Audio: Robert Spencer on the BBC takes on Left-fascist Nick Lowles and discusses the Qur'an with an imam

From JihadWatch


Here by popular demand (thanks to Vlad) is the audio of a BBC show I was on last Friday morning, after I saw that they were planning to discuss the attempt to bar Pamela Geller and me from the U.K. without bothering to ask either of us what we thought about it. I wrote back: "How typical of the BBC to discuss this without giving us a chance to defend ourselves." To my surprise, the producer then contacted me and asked me to be on the show.

It was a lot of fun, although I was a bit shaky from being up all night. There are numerous highlights. Don't miss Nihal, the host, repeatedly asking Nick Lowles of the Left-fascist group Hope Not Hate, which is trying to keep us out of the UK, to come up with even one quote from me demonstrating the "Islamophobia" so wicked as to warrant my being barred from the country. Lowles can't come up with a single quotation -- all he can offer is what he says was the text of an AFDI ad but was actually no such thing.

Don't miss also, about twelve minutes in, Nihal asking me to give him some passages of the Qur'an and Hadith that I found objectionable. After I gave him a few, he asked an imam whom he had on the program to explain the real meaning of the passages I had mentioned. The imam complained that he wasn't prepared to do so, and even said that the Qur'an was my field, not his. Nihal responded incredulously, "But you're an imam!" The imam then repeated the usual tired "out of context" cliches but never offered any context that would render the passages benign.

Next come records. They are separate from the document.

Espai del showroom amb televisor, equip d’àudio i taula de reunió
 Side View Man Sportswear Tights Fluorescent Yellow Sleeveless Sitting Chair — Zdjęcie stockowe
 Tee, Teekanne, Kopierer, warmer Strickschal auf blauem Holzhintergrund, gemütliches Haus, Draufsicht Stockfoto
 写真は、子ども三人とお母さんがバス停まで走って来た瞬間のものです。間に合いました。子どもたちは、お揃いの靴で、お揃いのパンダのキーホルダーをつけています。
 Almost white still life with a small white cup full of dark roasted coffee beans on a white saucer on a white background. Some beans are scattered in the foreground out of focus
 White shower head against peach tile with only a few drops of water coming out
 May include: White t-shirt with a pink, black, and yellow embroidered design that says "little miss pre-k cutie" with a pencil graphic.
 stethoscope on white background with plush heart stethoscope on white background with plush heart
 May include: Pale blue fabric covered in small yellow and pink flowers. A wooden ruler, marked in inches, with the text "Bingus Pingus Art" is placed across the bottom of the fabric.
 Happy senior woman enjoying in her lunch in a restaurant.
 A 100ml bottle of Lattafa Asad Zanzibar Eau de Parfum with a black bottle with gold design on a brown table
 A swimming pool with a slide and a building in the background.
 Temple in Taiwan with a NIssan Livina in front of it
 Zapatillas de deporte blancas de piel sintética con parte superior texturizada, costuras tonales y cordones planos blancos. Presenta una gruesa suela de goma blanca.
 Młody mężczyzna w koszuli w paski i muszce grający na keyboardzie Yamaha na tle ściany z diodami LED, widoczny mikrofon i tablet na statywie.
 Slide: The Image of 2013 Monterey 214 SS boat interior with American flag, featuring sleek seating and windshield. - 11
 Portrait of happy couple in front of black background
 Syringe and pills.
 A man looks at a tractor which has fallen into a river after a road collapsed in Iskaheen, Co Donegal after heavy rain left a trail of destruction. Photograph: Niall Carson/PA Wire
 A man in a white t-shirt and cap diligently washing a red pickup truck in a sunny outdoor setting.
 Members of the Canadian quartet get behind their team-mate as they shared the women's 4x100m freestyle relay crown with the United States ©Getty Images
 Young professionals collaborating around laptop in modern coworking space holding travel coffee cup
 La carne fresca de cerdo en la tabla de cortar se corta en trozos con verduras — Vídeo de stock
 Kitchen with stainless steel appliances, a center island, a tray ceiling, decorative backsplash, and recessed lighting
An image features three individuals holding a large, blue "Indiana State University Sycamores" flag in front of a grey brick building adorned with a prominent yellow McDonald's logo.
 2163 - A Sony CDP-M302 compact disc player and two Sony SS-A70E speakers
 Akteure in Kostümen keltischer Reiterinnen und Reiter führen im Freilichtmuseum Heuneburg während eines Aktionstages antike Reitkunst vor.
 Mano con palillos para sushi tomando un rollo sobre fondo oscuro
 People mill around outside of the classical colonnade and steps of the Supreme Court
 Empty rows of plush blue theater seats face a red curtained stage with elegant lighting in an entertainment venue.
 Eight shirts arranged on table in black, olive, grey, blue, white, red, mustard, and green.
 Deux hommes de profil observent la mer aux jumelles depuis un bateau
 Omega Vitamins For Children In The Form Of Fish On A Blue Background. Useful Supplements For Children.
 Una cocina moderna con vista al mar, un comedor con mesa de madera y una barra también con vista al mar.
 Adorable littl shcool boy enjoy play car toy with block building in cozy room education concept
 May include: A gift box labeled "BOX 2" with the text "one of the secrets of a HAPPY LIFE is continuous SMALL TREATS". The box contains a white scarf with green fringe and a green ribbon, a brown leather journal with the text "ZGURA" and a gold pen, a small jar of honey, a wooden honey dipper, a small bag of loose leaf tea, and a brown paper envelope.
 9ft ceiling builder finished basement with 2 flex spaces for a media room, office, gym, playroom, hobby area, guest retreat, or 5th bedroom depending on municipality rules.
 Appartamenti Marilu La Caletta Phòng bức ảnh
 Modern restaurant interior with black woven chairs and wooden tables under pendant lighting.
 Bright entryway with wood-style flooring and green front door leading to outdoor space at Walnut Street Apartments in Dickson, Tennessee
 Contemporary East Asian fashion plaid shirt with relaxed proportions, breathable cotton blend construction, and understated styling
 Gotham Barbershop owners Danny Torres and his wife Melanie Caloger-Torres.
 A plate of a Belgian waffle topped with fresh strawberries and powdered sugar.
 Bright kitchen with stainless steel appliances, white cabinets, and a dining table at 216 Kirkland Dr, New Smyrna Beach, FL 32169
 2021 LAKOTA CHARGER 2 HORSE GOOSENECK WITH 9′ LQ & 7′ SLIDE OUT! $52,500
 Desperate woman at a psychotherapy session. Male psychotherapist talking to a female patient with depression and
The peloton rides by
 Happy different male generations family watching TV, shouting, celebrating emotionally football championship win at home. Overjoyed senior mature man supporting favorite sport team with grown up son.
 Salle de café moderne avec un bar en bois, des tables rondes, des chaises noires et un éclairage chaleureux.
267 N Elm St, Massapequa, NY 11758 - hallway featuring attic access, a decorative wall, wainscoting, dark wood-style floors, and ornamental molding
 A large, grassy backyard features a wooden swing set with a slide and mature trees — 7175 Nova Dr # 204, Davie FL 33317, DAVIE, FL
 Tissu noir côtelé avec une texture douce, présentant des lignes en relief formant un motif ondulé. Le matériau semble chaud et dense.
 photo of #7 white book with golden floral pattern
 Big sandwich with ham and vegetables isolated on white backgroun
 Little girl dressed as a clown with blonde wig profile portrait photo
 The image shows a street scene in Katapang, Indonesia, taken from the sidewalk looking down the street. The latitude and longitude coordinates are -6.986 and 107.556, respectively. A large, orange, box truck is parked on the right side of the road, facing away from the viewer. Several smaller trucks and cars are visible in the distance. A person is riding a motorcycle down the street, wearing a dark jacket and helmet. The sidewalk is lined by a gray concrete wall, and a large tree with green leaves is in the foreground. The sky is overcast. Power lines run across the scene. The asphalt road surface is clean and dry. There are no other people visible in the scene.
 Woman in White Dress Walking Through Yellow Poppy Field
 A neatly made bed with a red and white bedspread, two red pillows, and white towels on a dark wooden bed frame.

Much of the discussion ended up centering on my book Did Muhammad Exist?, which Nihal kept trying to get me to say was objectionable as a thesis. I kept answering that there was nothing wrong with historical inquiry, that Jesus had been subjected to it, so why should Muhammad be exempt? At the end of the show the imam said, "He quotes Muhammad, then says he didn't exist," and Nihal thought this was an excellent point, but didn't give me a chance to answer. The obvious response is that Muslims believe he said and did certain things, and so it is important to know the content of the material in order to understand Islamic belief and practice, but it has no more historical value than the stories of Robin Hood. I wasn't allowed a chance to get that in, but after all, it was the BBC -- and a show that was much more fair than their usual standards.